__EXERCISE PROMPT__: The complete data, repeated exactly, should form your response.

** RECORDS PROVIDED follows **

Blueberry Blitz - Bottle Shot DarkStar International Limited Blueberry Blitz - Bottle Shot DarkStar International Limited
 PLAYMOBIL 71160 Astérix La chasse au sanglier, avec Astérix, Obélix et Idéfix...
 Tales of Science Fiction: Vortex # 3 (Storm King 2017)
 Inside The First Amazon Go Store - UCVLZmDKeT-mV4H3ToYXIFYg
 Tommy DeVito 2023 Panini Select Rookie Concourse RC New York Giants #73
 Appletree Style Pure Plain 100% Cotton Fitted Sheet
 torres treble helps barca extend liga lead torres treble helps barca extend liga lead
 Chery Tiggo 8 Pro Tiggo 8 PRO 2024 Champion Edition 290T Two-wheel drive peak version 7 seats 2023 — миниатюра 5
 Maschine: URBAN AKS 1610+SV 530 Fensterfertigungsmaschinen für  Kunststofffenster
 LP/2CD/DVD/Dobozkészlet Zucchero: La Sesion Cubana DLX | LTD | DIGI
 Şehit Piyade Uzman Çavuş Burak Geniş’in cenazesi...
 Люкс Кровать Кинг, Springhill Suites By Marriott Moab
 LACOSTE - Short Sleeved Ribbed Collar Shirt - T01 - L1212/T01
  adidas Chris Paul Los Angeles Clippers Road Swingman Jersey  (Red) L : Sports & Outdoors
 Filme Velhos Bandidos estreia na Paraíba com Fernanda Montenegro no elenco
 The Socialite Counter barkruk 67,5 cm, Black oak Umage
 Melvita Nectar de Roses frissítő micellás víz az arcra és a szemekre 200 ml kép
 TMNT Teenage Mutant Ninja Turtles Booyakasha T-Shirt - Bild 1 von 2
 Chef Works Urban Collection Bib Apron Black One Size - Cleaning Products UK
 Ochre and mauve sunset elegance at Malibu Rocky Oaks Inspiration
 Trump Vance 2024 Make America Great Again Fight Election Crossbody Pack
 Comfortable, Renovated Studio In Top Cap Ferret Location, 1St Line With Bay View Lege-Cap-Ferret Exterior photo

** End of RECORDS PROVIDED **

__SOLUTION FOR THIS TASK__:
Blueberry Blitz - Bottle Shot DarkStar International Limited Blueberry Blitz - Bottle Shot DarkStar International Limited
 PLAYMOBIL 71160 Astérix La chasse au sanglier, avec Astérix, Obélix et Idéfix...
 Tales of Science Fiction: Vortex # 3 (Storm King 2017)
 Inside The First Amazon Go Store - UCVLZmDKeT-mV4H3ToYXIFYg
 Tommy DeVito 2023 Panini Select Rookie Concourse RC New York Giants #73
 Appletree Style Pure Plain 100% Cotton Fitted Sheet
 torres treble helps barca extend liga lead torres treble helps barca extend liga lead
 Chery Tiggo 8 Pro Tiggo 8 PRO 2024 Champion Edition 290T Two-wheel drive peak version 7 seats 2023 — миниатюра 5
 Maschine: URBAN AKS 1610+SV 530 Fensterfertigungsmaschinen für  Kunststofffenster
 LP/2CD/DVD/Dobozkészlet Zucchero: La Sesion Cubana DLX | LTD | DIGI
 Şehit Piyade Uzman Çavuş Burak Geniş’in cenazesi...
 Люкс Кровать Кинг, Springhill Suites By Marriott Moab
 LACOSTE - Short Sleeved Ribbed Collar Shirt - T01 - L1212/T01
  adidas Chris Paul Los Angeles Clippers Road Swingman Jersey  (Red) L : Sports & Outdoors
 Filme Velhos Bandidos estreia na Paraíba com Fernanda Montenegro no elenco
 The Socialite Counter barkruk 67,5 cm, Black oak Umage
 Melvita Nectar de Roses frissítő micellás víz az arcra és a szemekre 200 ml kép
 TMNT Teenage Mutant Ninja Turtles Booyakasha T-Shirt - Bild 1 von 2
 Chef Works Urban Collection Bib Apron Black One Size - Cleaning Products UK
 Ochre and mauve sunset elegance at Malibu Rocky Oaks Inspiration
 Trump Vance 2024 Make America Great Again Fight Election Crossbody Pack
 Comfortable, Renovated Studio In Top Cap Ferret Location, 1St Line With Bay View Lege-Cap-Ferret Exterior photo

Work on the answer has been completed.